**WORK TO COMPLETE**: The lines below, from the one containing "Vintage Stemmed Glass" through the one containing "Công tác chuẩn", should be set down exactly, with no pictures and nothing else.

**PROVIDED DATA**:

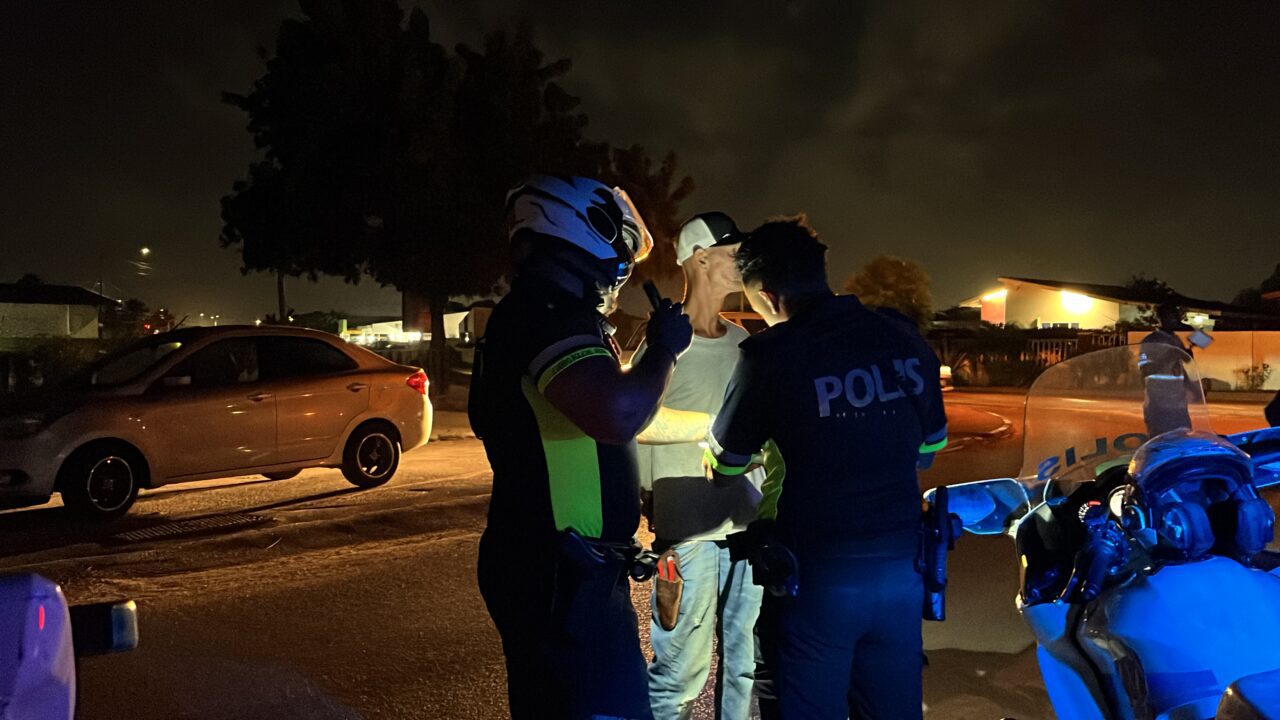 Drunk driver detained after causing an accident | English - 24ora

--

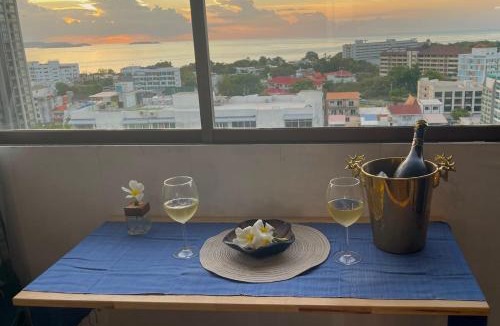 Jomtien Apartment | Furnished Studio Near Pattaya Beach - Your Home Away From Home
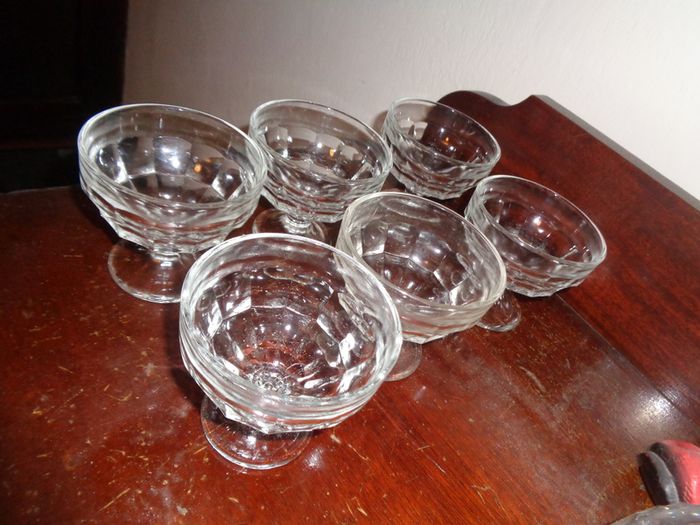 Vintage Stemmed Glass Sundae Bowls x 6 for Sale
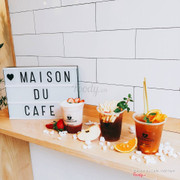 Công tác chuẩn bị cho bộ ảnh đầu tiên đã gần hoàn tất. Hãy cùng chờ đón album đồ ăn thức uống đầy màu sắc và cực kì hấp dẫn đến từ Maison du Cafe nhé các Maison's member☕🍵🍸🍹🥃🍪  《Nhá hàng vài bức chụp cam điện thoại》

**YOUR RESPONSE**:
 Vintage Stemmed Glass Sundae Bowls x 6 for Sale
 Công tác chuẩn bị cho bộ ảnh đầu tiên đã gần hoàn tất. Hãy cùng chờ đón album đồ ăn thức uống đầy màu sắc và cực kì hấp dẫn đến từ Maison du Cafe nhé các Maison's member☕🍵🍸🍹🥃🍪  《Nhá hàng vài bức chụp cam điện thoại》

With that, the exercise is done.